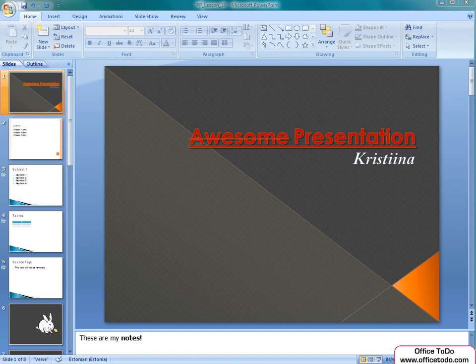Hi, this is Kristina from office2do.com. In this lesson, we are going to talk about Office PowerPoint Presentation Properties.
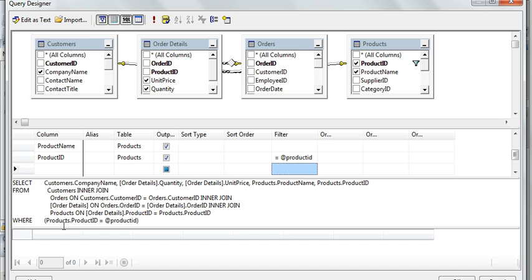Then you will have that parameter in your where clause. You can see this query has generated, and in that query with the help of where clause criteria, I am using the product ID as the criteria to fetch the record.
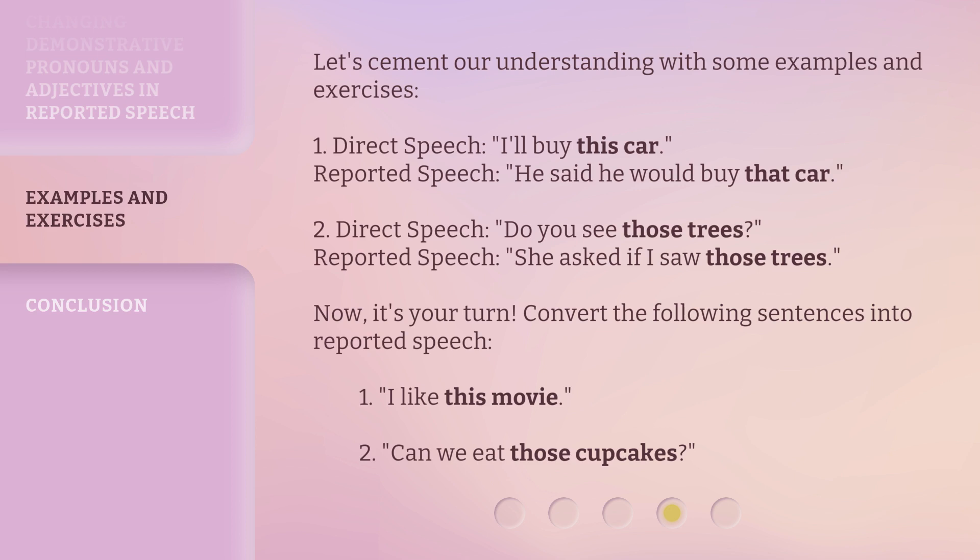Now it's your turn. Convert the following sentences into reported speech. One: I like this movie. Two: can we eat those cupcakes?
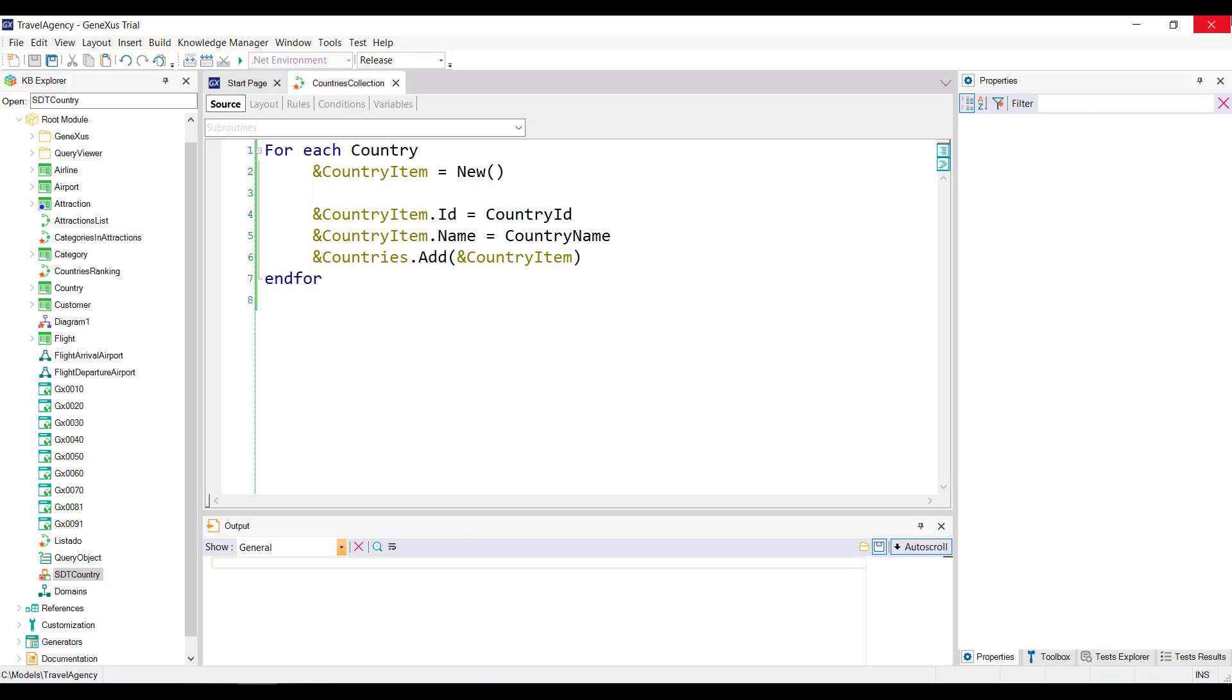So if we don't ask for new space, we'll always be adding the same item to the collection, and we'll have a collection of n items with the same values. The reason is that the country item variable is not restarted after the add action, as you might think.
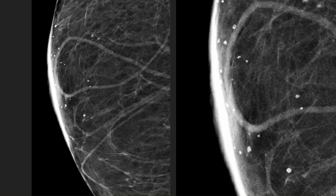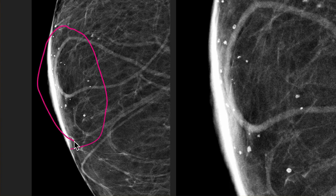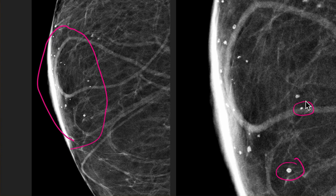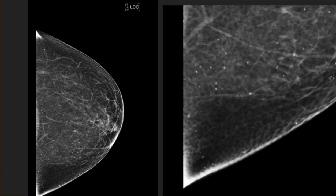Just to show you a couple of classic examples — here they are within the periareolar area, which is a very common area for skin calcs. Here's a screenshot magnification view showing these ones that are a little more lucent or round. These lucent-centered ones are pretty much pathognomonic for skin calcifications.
----
Copy the lines above exactly, starting with the line that contains "Then you will" and ending with the line that contains "So if we don't", and leave out any pictures.

SOLUTION TO THIS PROBLEM.
Then you will have that parameter in your where clause. You can see this query has generated, and in that query with the help of where clause criteria, I am using the product ID as the criteria to fetch the record.
Now it's your turn. Convert the following sentences into reported speech. One: I like this movie. Two: can we eat those cupcakes?
So if we don't ask for new space, we'll always be adding the same item to the collection, and we'll have a collection of n items with the same values. The reason is that the country item variable is not restarted after the add action, as you might think.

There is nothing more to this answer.